Assessment of half-mask elastomeric respirator and powered air-purifying respirator reprocessing for an influenza pandemic

• Published in: American journal of infection control Vol. 45; no. 12; pp. 1324 - 1330
• Main Authors: Lawrence, Caryn, Harnish, Delbert A., Sandoval-Powers, Megan, Mills, Devin, Bergman, Michael, Heimbuch, Brian K.
• Format: Journal Article
• Language: English
• Published: United States Elsevier Inc 01.12.2017
• Subjects: Cleaning infection control; Disinfection; Mucin; N95; Respiratory protection; Reuse; Sebum; Cleaning infection control; Respiratory protection; Mucin; Reuse; Disinfection; Sebum; N95
• ISSN: 0196-6553; 1527-3296
• DOI: 10.1016/j.ajic.2017.06.034

•Manual reprocessing for reusable respirators were evaluated against influenza and soiling agent.•Across 41 surfaces tested, the mean log reduction in viable virus was > 4.5 log TCID50.•Cleaning alone demonstrated similar efficacy as cleaning and disinfection procedures.•Respirator design and materials may impact reprocessing effectiveness. Health care facilities are considering the use of reusable respiratory protective devices (RPDs) to mitigate a potential N95 filtering facepiece respirator shortage caused by an influenza pandemic.

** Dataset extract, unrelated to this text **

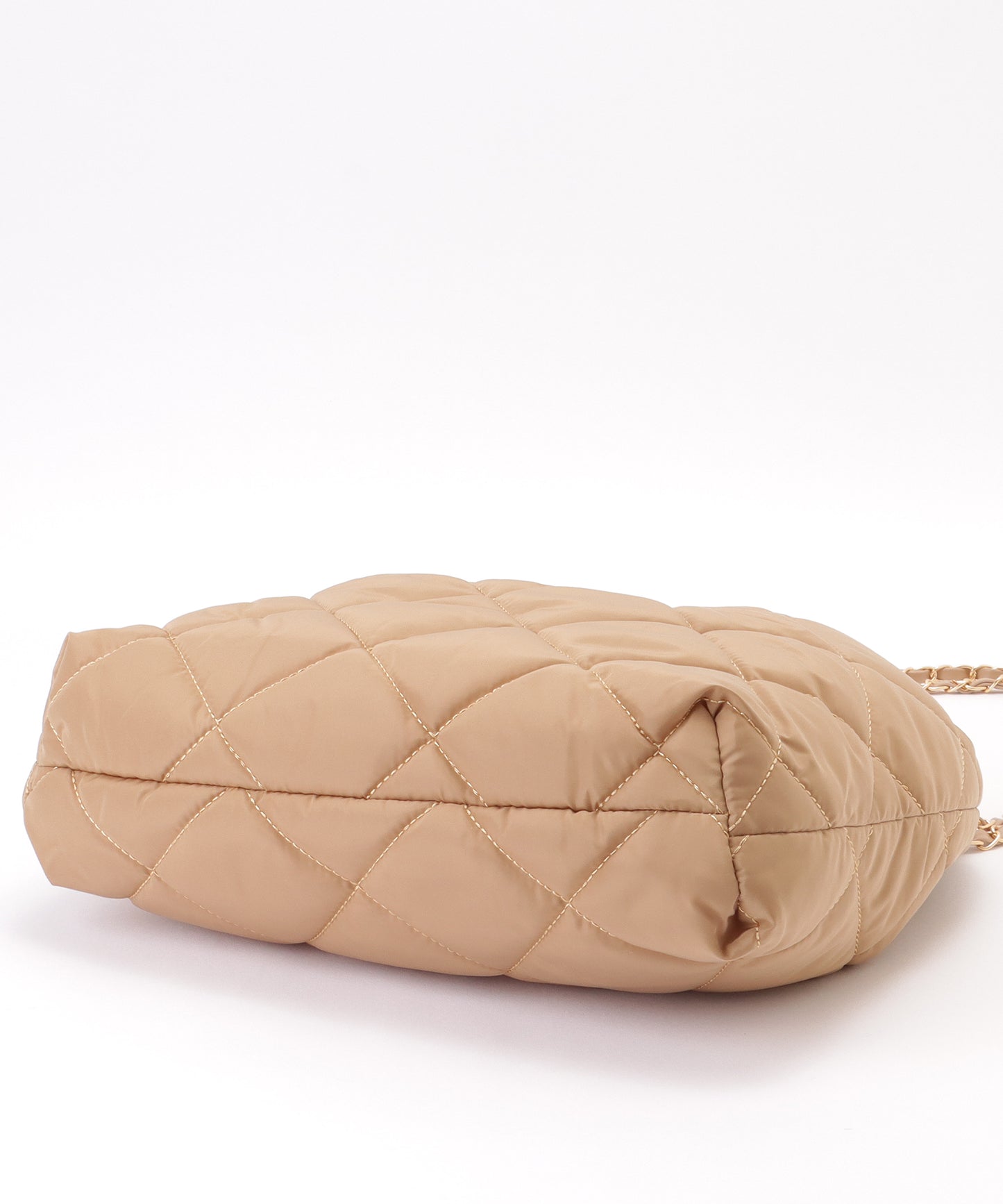 マルチポーチ付きキルティングチェーンショルダーバッグ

US regulators are also considering stockpiling reusable RPDs for pandemic preparedness, but limited data exist on the effectiveness of cleaning and disinfection of these devices. This study defines reprocessing protocols and evaluates their effectiveness against a pandemic influenza strain in a laboratory setting. Five half-mask elastomeric respirator models and 3 powered air-purifying respirator models were contaminated with influenza virus and artificial skin oil on multiple surfaces. RPDs were then manually treated with 1 of 2 methods: cleaned or cleaned and disinfected. Presence of viable influenza was determined via swab sampling and a median tissue culture infectious dose assay. Across 41 RPD surfaces, a mean log reduction in viable influenza of 4.54 ± 0.97 log10 median tissue culture infectious dose was achieved for all treated surfaces, which included both cleaned and cleaned and disinfected surfaces. The methods defined as part of this study are effective for eliminating viable influenza in the presence of artificial skin oil on most of the RPD surfaces tested. Material type and RPD design should be considered when implementing RPD reprocessing protocols.